-- Source data follows --

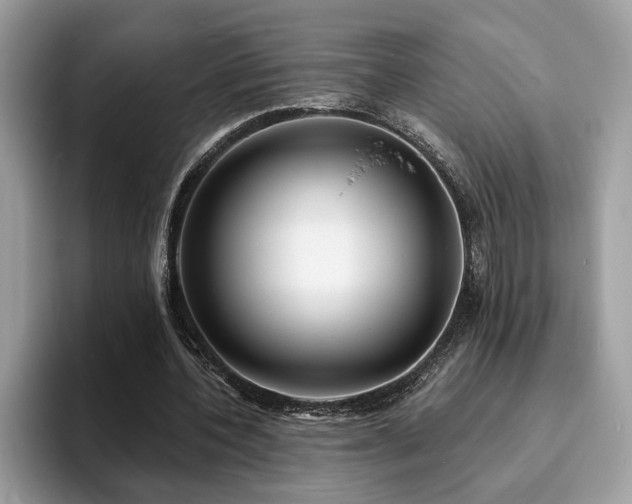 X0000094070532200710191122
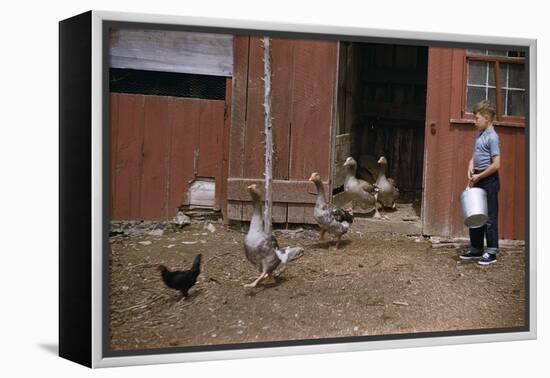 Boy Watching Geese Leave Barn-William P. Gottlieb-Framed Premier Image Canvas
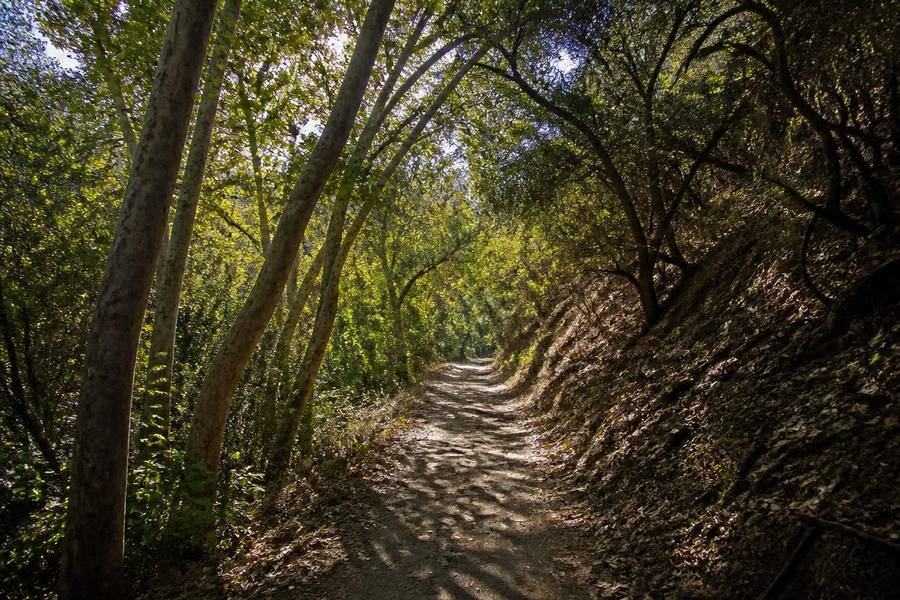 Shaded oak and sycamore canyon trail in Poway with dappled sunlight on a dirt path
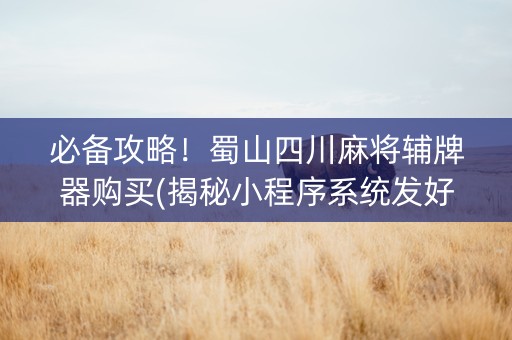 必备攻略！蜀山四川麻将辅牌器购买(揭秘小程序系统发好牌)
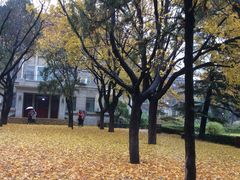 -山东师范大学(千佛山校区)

-- Source data concluded --

§ Problem description
Please give the records above again exactly as they stand, with no pictures.

§ Output below
 X0000094070532200710191122
 Boy Watching Geese Leave Barn-William P. Gottlieb-Framed Premier Image Canvas
 Shaded oak and sycamore canyon trail in Poway with dappled sunlight on a dirt path
 必备攻略！蜀山四川麻将辅牌器购买(揭秘小程序系统发好牌)
 -山东师范大学(千佛山校区)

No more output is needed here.